Herby Meatball Bowls with
Avocado Tzatziki

Prep time 15 min 
Total time 45 min
Serves 4

Ingredients

For Herby Meatballs

1 lb ground pork

1 teaspoon cumin

¼ cup fresh herbs such as dill, parsley and mint, finely chopped

½ red onions, finely chopped

½ teaspoon salt

1 egg

For Tzatziki sauce

1 cup greek yogurt

2 lemon

1 avocado, smashed

1 persian cucumber, cut into small dice

1 clove garlic, grated

½ teaspoon salt

For Grain Bowl

1 canned chick peas

1 cup cooked barley

1/2 romain Lettuce, sliced

1 persian cucumber

1 cup picked tender herbs, such as dill, mint, and flat Italian parsley

½ red onion thinly sliced


Preparation

  1. If you are going to bake the meatballs, preheat the oven to 400˚F

  2. Slice ½ red onion thinly and soak in water for at least 10 minutes. Drain and pat dry. Cut the other half onion into small dice.

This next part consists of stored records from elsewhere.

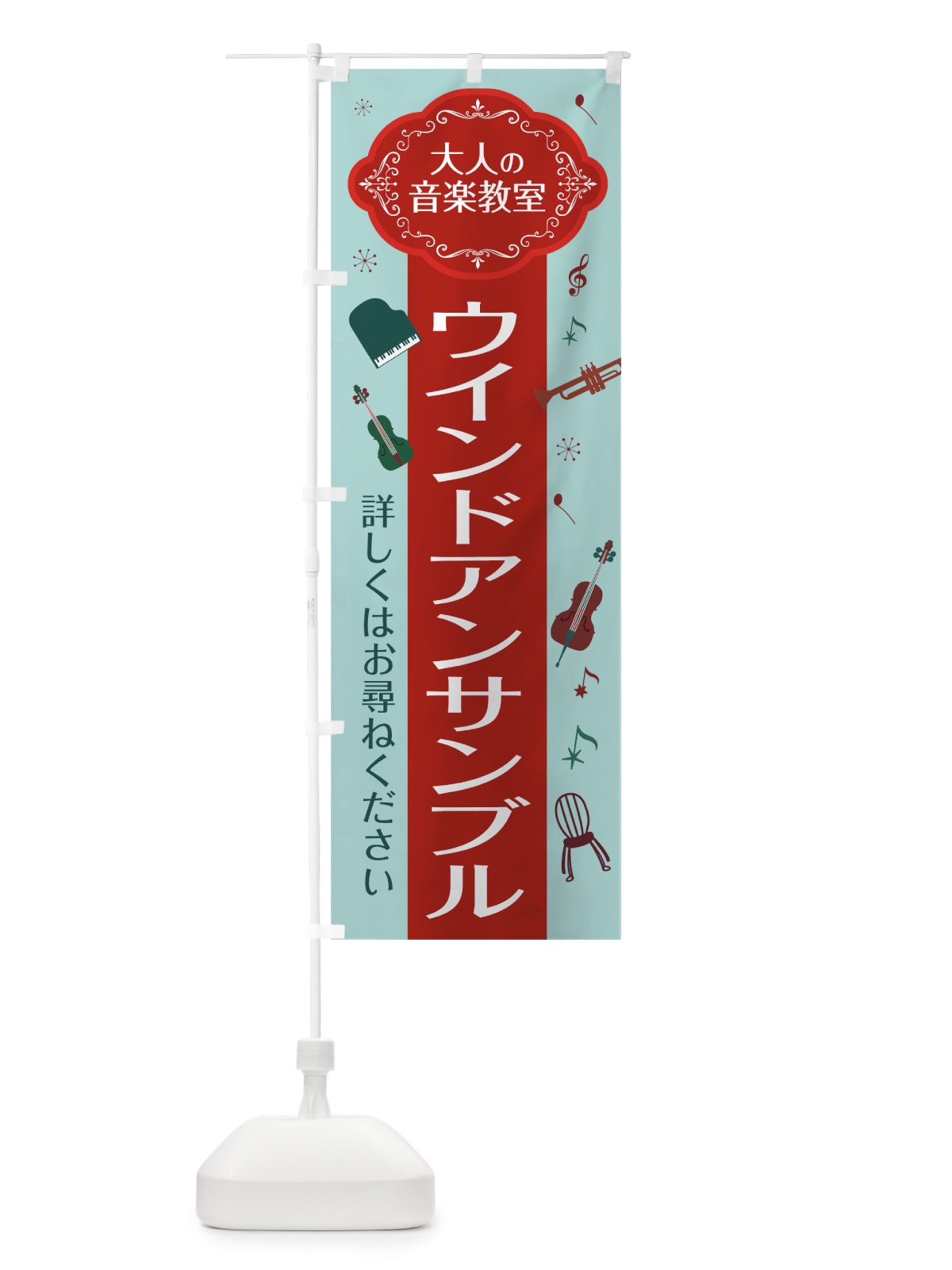 のぼり ウインドアンサンブル のぼり旗 7C4A(デザイン【B】)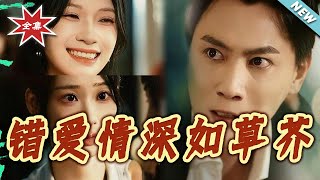 Mistaken Love, Wild Affection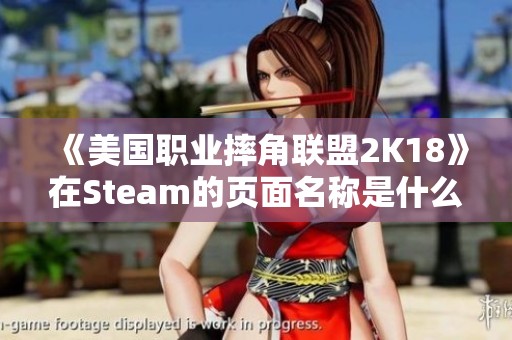 《美国职业摔角联盟2K18》在Steam的页面名称是什么呢? 《美国职业摔角联盟2K18》在Steam的页面名称是什么呢?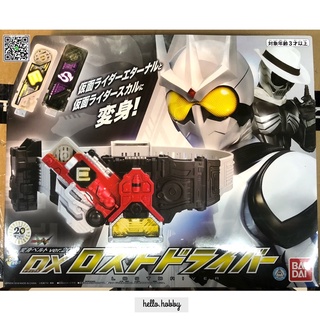 เข็มขัดไรเดอร์ Masked Rider W - Dx Lost Driver Ver.20th by Bandai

  3. In a medium size bowl, add ground pork, diced onion, chopped herbs, cumin powder, and salt. Using your hand, mix them until evenly combined. Shape them into small golf size balls.

  4. If you are baking the meatballs, place the meatballs on a cooling rack, and bake for 15-20 minutes. If you are going to pan fry the meatballs, heat a pan over medium heat. Add neutral oil or olive oil and pan fry them occasionally flipping the sides and each side are golde brown and inner temperature reaches xyz.

  5. Make Tzatziki sauce. In a medium size bowl, combine greek yorgurt, smashed avocado, diced cucumber, grated garlic, finely chopped herbs and salt. Squeez lemons over your palm or fine mesh sieve so the seeds won’t get into it. Mix well, taste and add salt if needed.

  6. Assemble individual bowls with chickpea, cooked barley, sliced lettuce, sliced cucumber, sliced onion, herbs and meatballs. Drizzle Tzatziki sauce. Sprinkle flaky sea salt and olive oil.